According to iTunes Vice President Eddy Cue, Apple's biggest competitor in online music downloading is P2P. iTunes launched in Australia yesterday, giving Australian people what Cue says is an alternative to illegal music downloads with a fair price. Songs in the Australian iTunes store will cost $1.27 each ($12.86 per album) and music videos will cost about $2.57.
"Our view is that our biggest competitor is illegal music and P2P services. We always thought that if we offered a better alternative, then those customers would be happy to pay," said Cue. "Obviously...we will never be better than 'free.' But we think $1.27 (1.69 Australian dollars) is a very competitive and fair price to pay." Cue hyped up Apple's iTunes music store, repeating its worldwide success again.
"We have now sold over 600 million songs worldwide and have nearly 80 percent market share in most of the countries we are in," he said. "This is our 21st time, and I will say that there is no place that we have ever launched where music downloads have been strong prior to us." He also has a belief that the next generation of music buyers will see music as "digital bandwidth".
"It is certainly our belief that digital music buying is the future of music purchasing. Certainly our customers love it, and you can see it in the younger generation. They buy a lot of music now, and they buy it all online. That is what they know music as. They certainly do not know music as a record or as a CD--they know it as digital bandwidth," Cue said. However, should Apple really get the credit for the popularity of music downloading?
Yes, iTunes does have 80% of the market share in most countries it operates in, but would iTunes be any way successful if it wasn't for P2P in the past? If there was never the original Napster, or controversy over free music file sharing and iTunes had launched in 1999, how much different would the success of the store be? Would it have taken longer to convince people that downloading music is a good thing to do or even created anything near the "buzz" that "sharing music" created?
If you look back through the past few years, you notice that P2P is what brought about the joy of digital music on a worldwide scale and now that it has increased to phenomenal popularity, it would be easy for companies like Apple and RealNetworks to cash in off legal stores now that P2P has "proven" digital music downloading to be an easy, fast way to get music. Many file sharers download hundreds or thousands of songs for their collection, not like those who purchase CDs, who probably only get a few new CDs per month at most.

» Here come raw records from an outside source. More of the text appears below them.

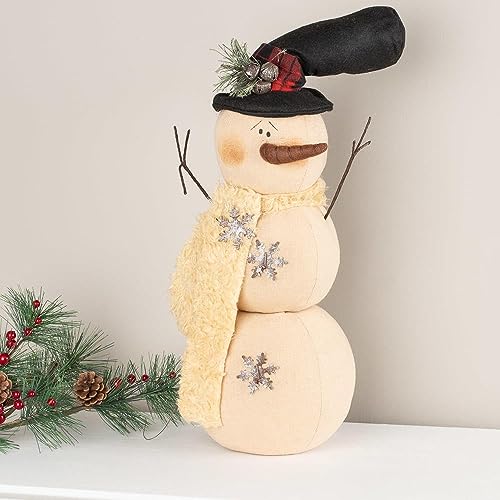 Factory Direct Craft Rustic Muslin Snowman with Top Hat and Rusty Bells Primitive Fabric Snowman for Christmas Decorations and Holiday Gifting Factory Direct Craft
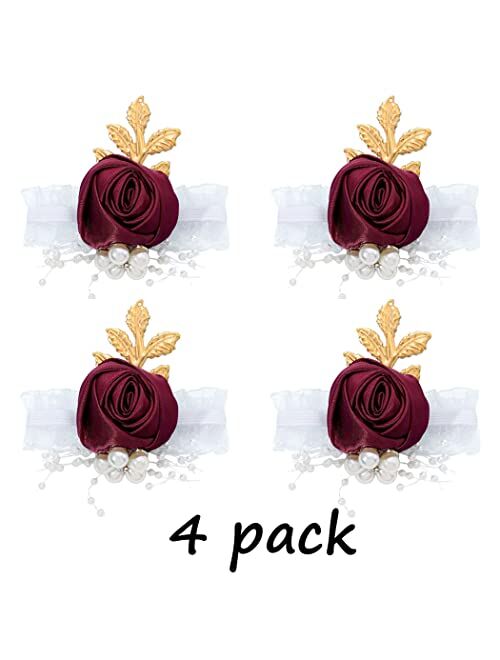 Formery Bridesmaid Wrist Flowers Red Rose Wrist Corsage Stretch Silk Hand Flower Corsage Set with Pearl Metal Leaf Bride Bridal Girls Accessories for Wedding and Prom(4pc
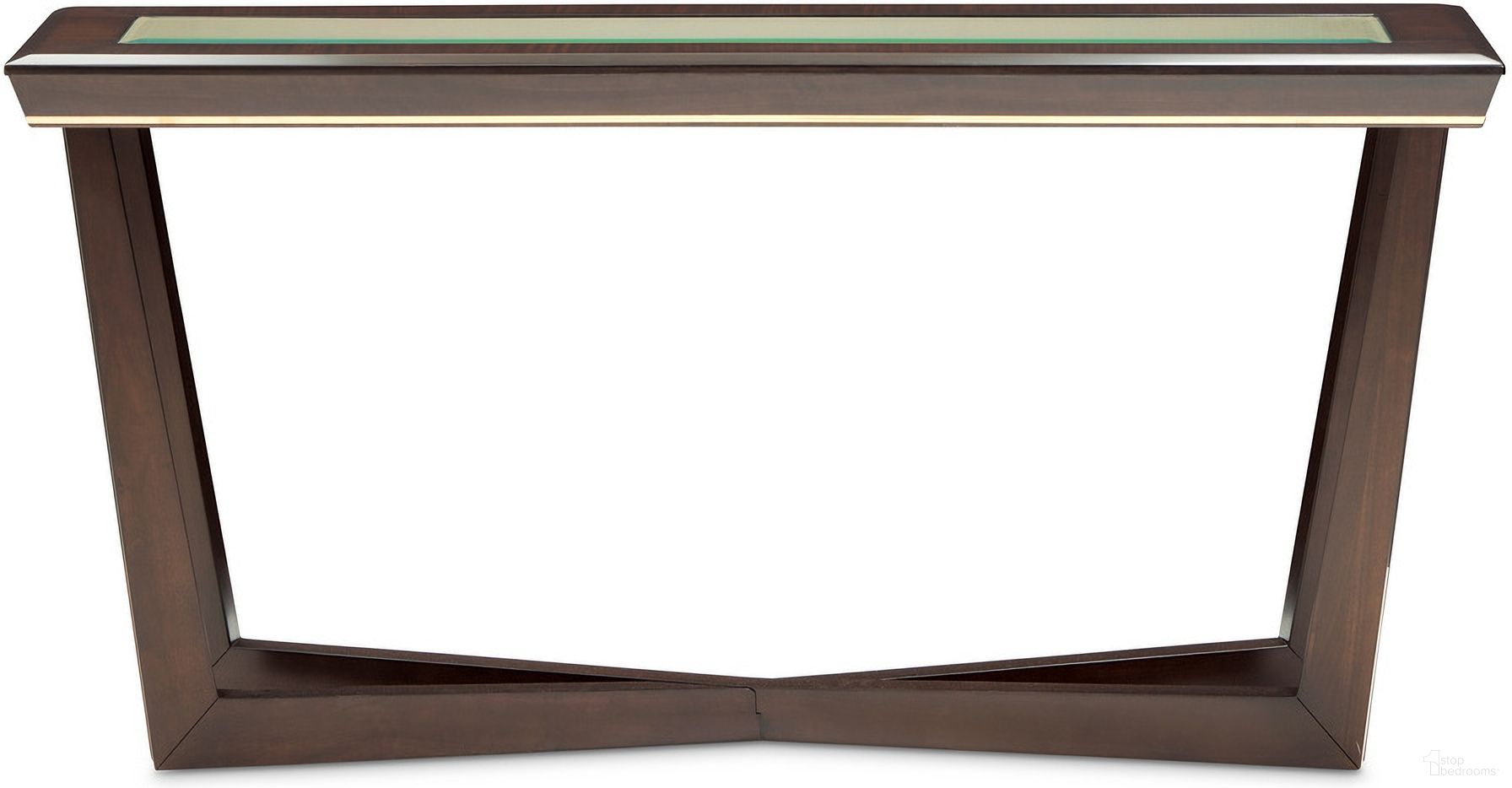 The appearance of Belmont Place Console Table In Espresso designed by Michael Amini in the modern / contemporary interior design. This espresso piece of furniture was selected by 1StopBedrooms from Belmont Place Collection to add a touch of cosiness and style into your home. Sku: N9085223-409. Material: Solid Wood.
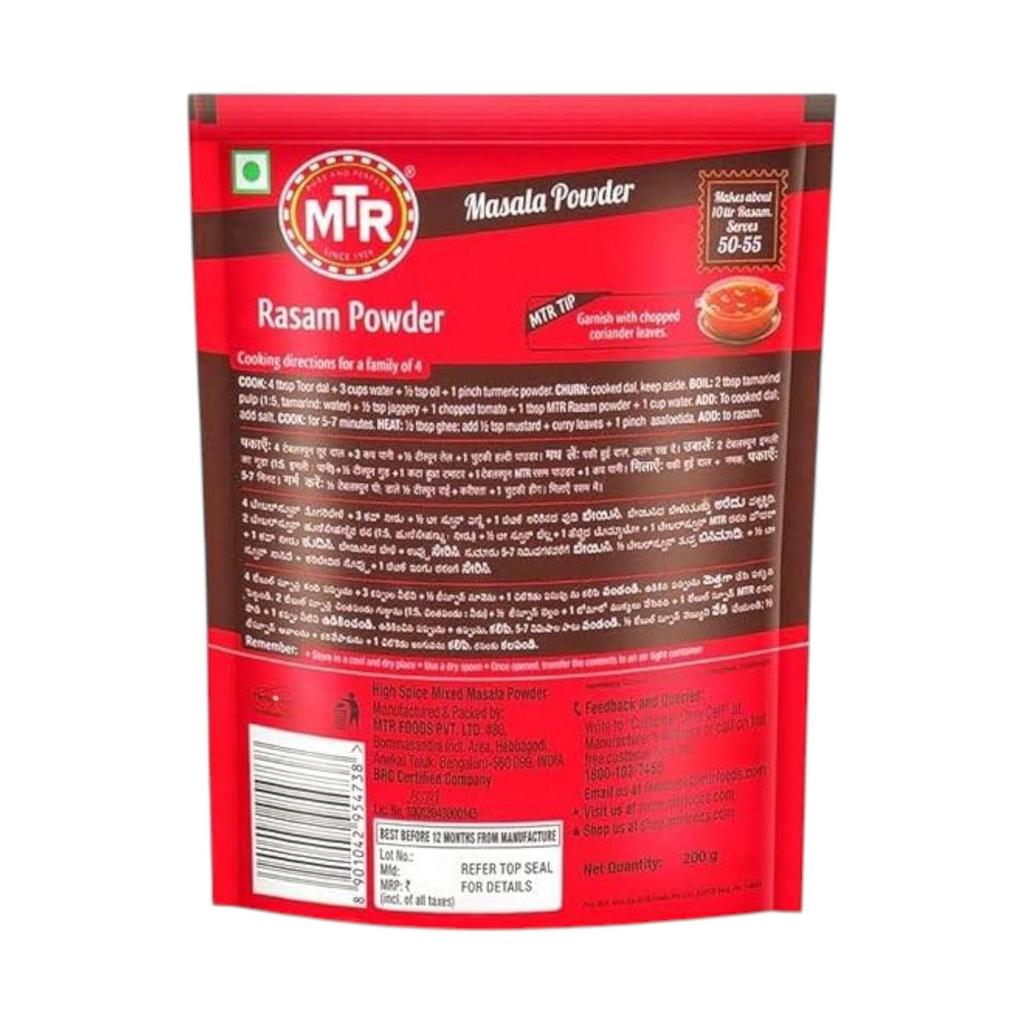 MTR Rasam Powder 200g Pack Of 1 Authentic South Indian Spiced Soup Masala Easy Cooking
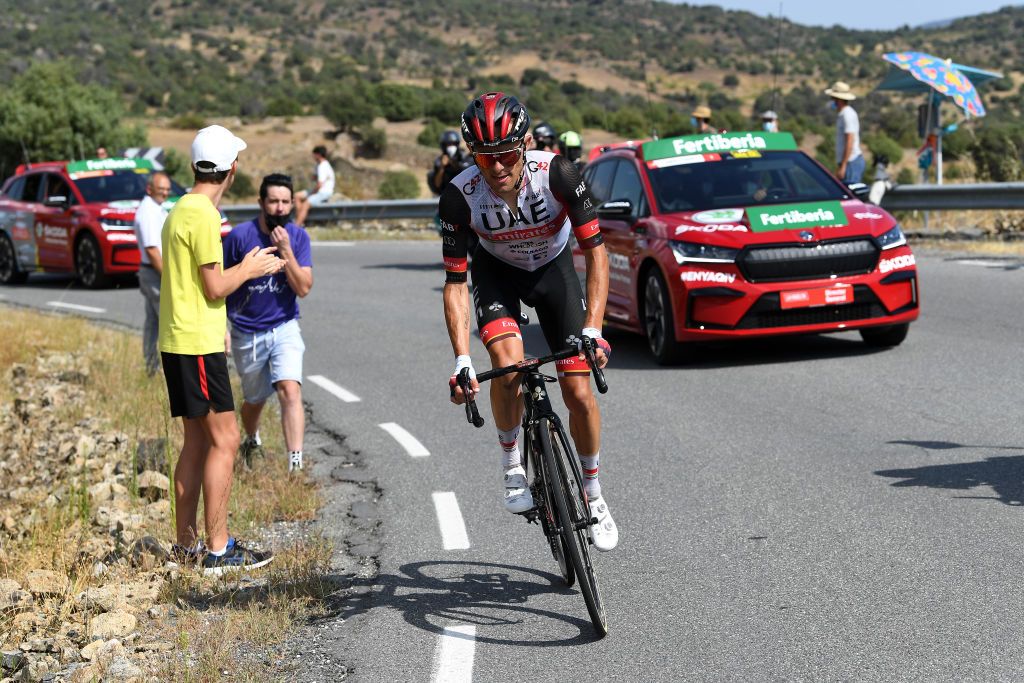 EL BARRACO SPAIN AUGUST 29 Rafal Majka of Poland and UAE Team Emirates attacks in breakaway during the 76th Tour of Spain 2021 Stage 15 a 1975km km stage from Navalmoral de la Mata to El Barraco lavuelta LaVuelta21 on August 29 2021 in El Barraco Spain Photo by Tim de WaeleGetty Images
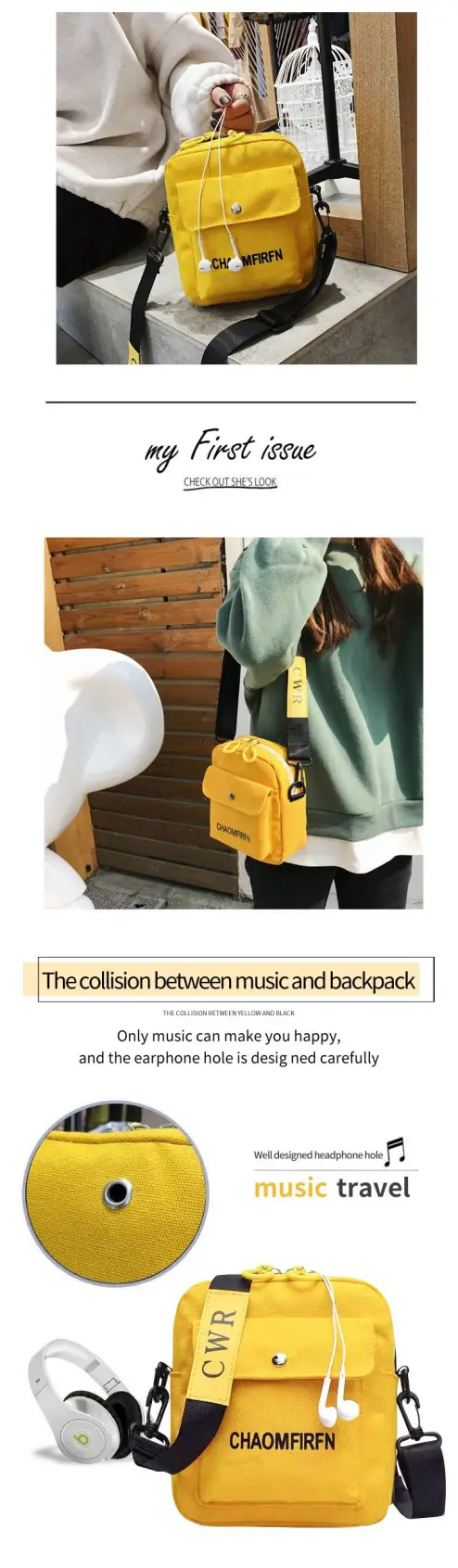 Bags, Multipurpose Crossbody Shoulder Bag Travel Yellow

If you were a file sharer who had a collection of over 1000 tracks and one day, for some reason, all your downloaded music files were gone and you decided to switch to a legal alternative instead, you probably wouldn't buy the same number of tracks, but you would probably buy more than people who just discovered digital music downloading with iTunes and never used P2P networks to get their music. This is just because you are used to having a large number of songs and probably discovered a lot of new music when you downloaded it for free. You are much more comfortable with digital music.

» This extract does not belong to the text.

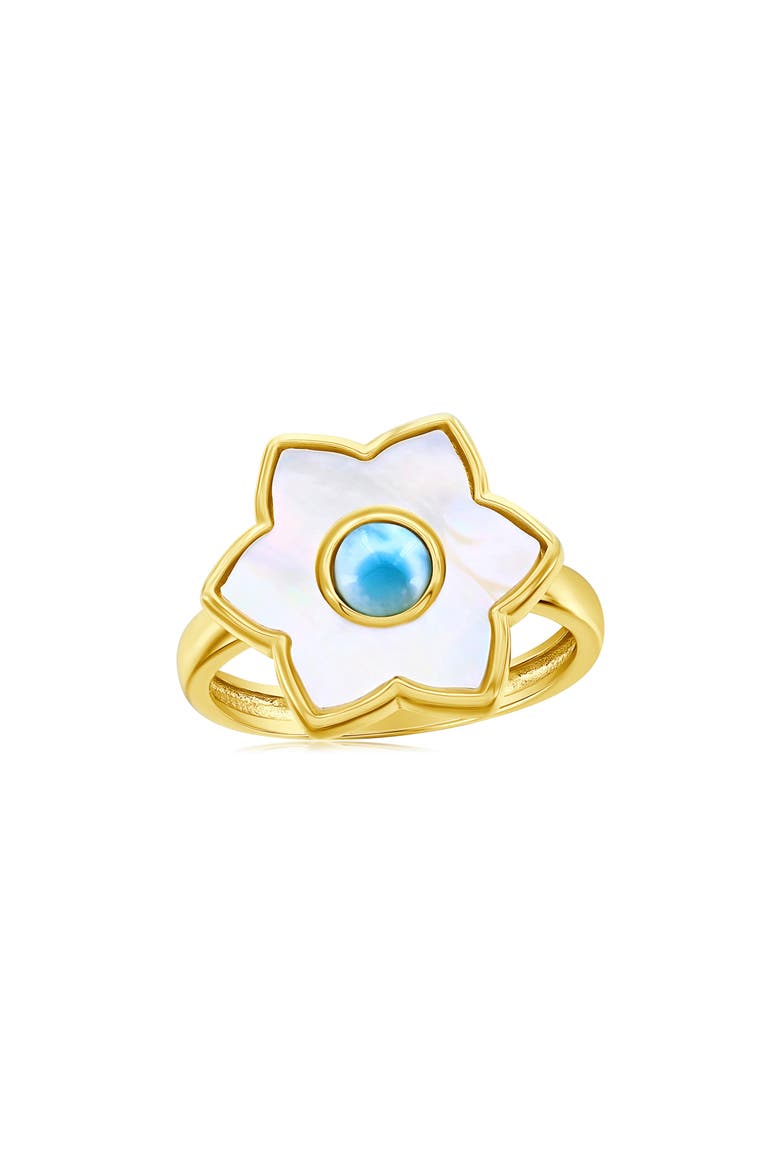 Larimar & Mother-of-Pearl Flower Ring, Main, color, BLUE/ GOLD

However, the music industry cannot deny that Apple has pushed legal music downloading forward. Apple did make it easy to purchase music downloads and to add more fuel to the fire, cleverly tied the iPod and iTunes music store together. Apple also realizes that this still is just the early days of legal music downloading, so keeping a blanket price for tracks is the best option - a fact that certain major labels don't seem to understand.